千景はそれ以上聞かず、「じゃあ邪魔しないよ。ただちょっと声が聞きたかっただけ。他に用はないから、またね」

あっさりと電話を切ろうとする千景。

けれど、若子はなぜか胸がざわついて、「ちょっと待って」

「どうかした?」

一瞬ためらいながら、若子は口を開く。

「ううん、なんでもない。冴島さん、遅いし早く休んでね」

「......ああ、分かった」

二人はそのまま電話を切った。

「冴島から?」

修が問いかける。

若子はうなずいた。「修、明日、冴島さんを家に招待してもいい?」

さっき電話でそれを伝えたかったのに、ここは修の家だから自分ひとりで決めてはいけないと、迷ってしまった。

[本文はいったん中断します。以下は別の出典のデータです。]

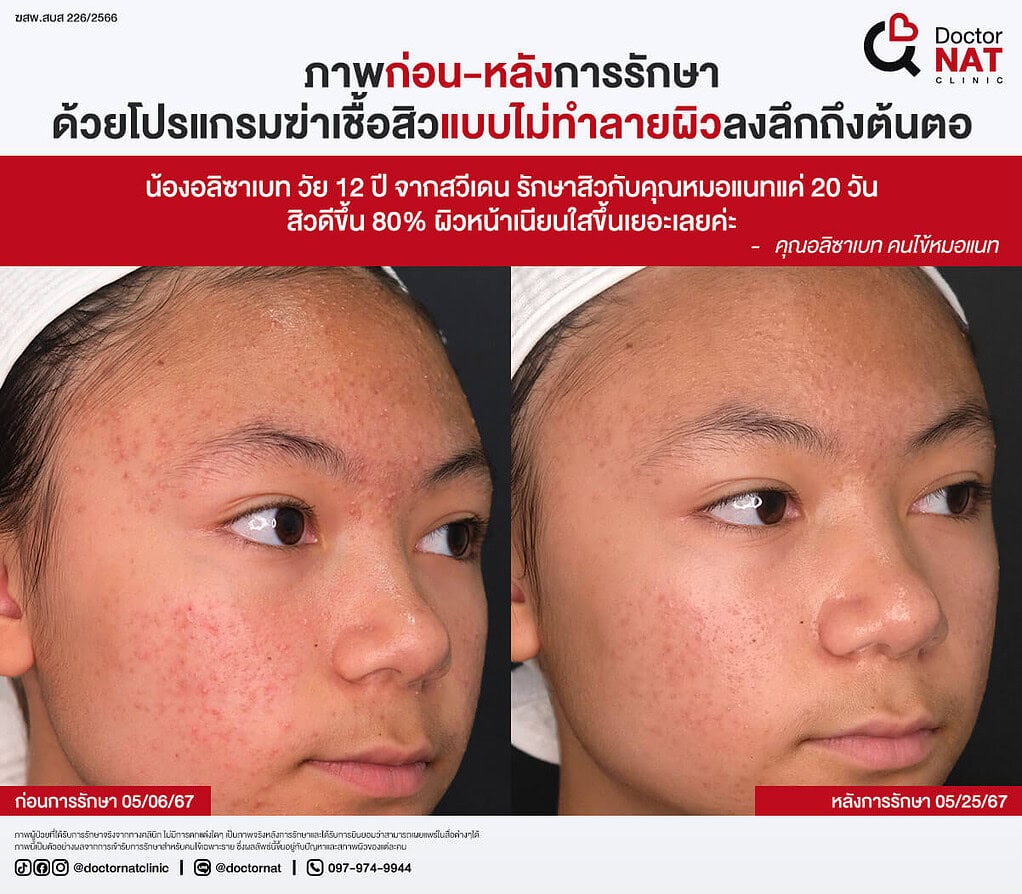 ภาพก่อน-หลังการรักษา
ด้วยโปรแกรมฆ่าเชื้อสิวแบบไม่ทำลายผิวลงลึกถึงต้นตอ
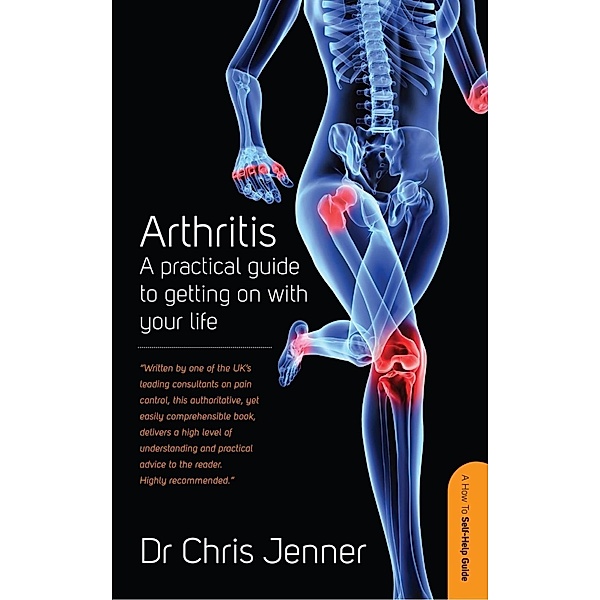 Arthritis, Chris Jenner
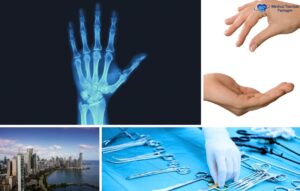 Un collage con una radiografía de una mano, dos manos que se tocan, un paisaje urbano, una mano enguantada con instrumentos quirúrgicos y el logotipo "Paquetes de turismo médico" destaca las clínicas de cirugía de mano y las opciones asequibles de cirugía de mano en Panamá.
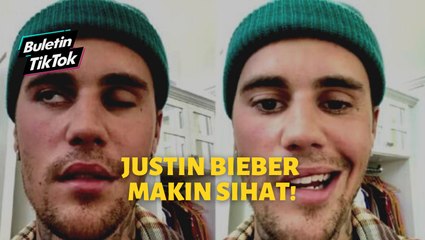 Justin Bieber makin sihat!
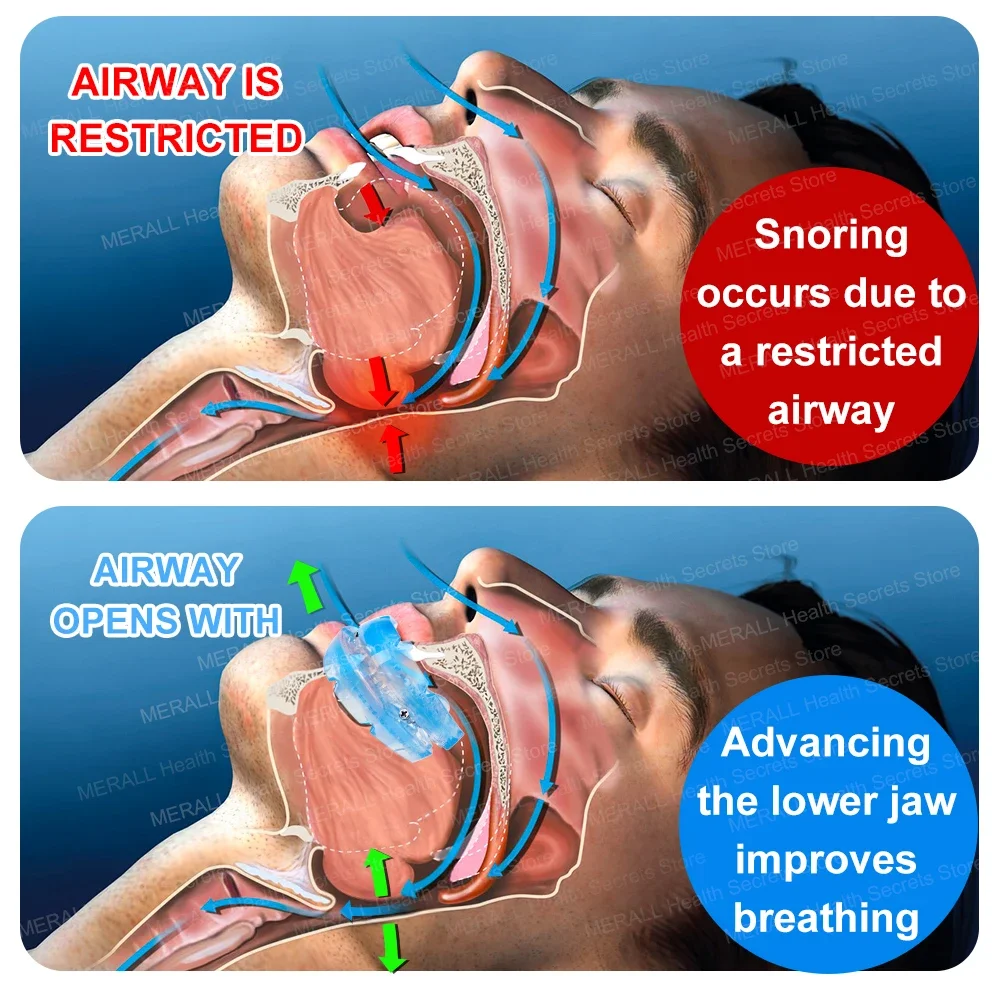 

Anti Snoring Bruxism Mouth Guard Stop Snoring Mouthpiece Sleeping Aid for Men Women Anti-Snoring Devices Braces Correction Safe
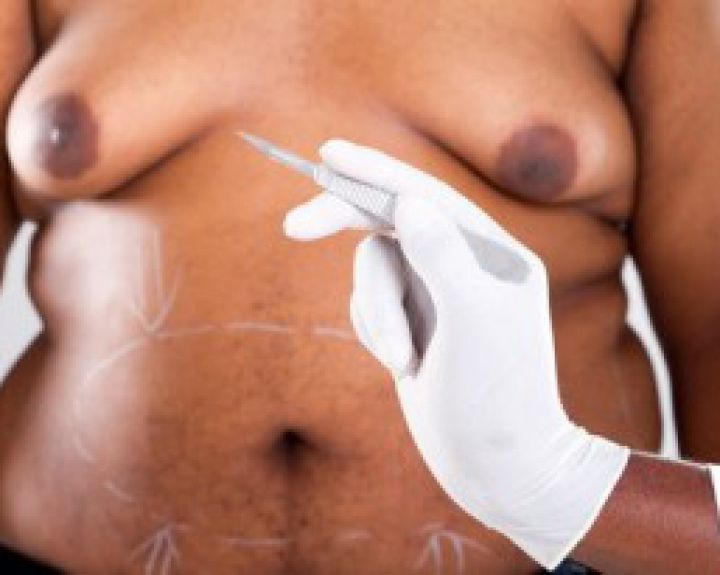 Diabeto gydymo standartas – nutukimo operacija 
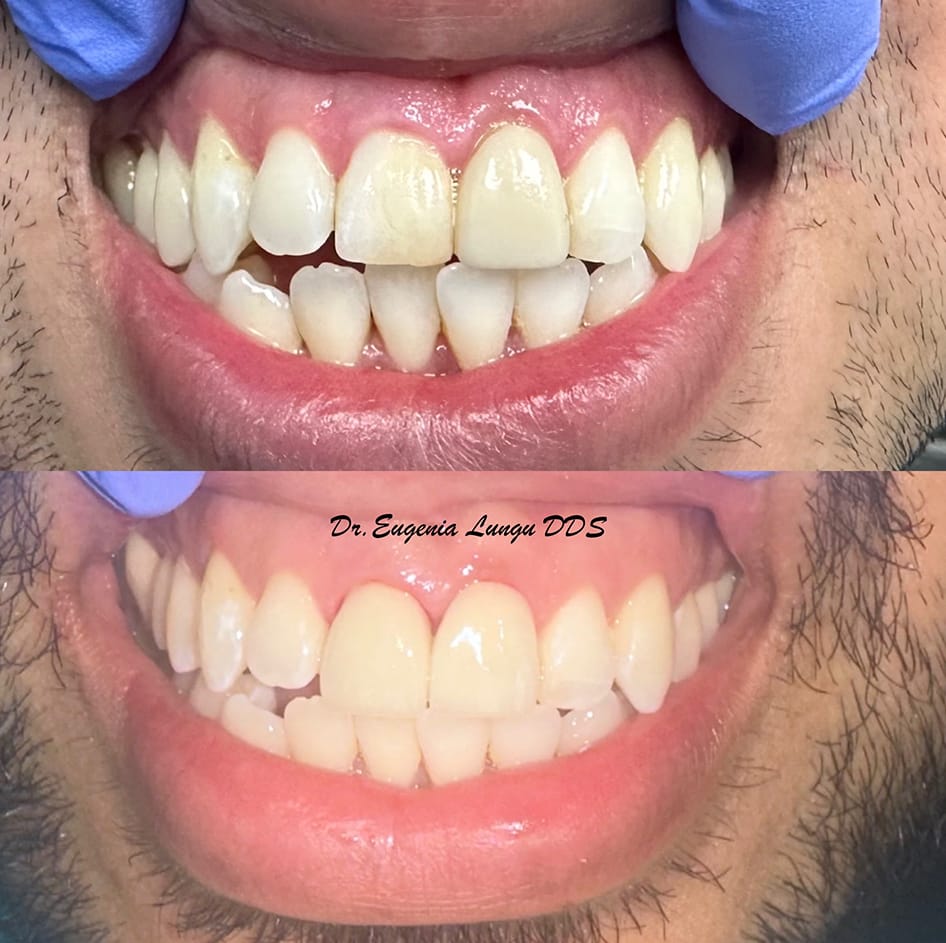 Before and after bleaching results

修は、若子が千景にそれを言おうとしていたのを感じ取っていた。

「直接言えばいいのに。なんで俺に聞く?」

「だって、ここは修の家だし、勝手に人を招くのはちょっと......」

「それは違う。ここはお前の家でもある。若子、俺の人生にはお前が半分いる。お前は暁の母親だろ?」

修は、若子に自分のそばで自由にいてほしいと願っている。

でも本当は、若子の心がどんどん遠ざかっている気がして、どこかで焦っていた。

とくにさっき千景から電話がかかってきたときの、若子の表情―あの一瞬に、今も胸が締めつけられる。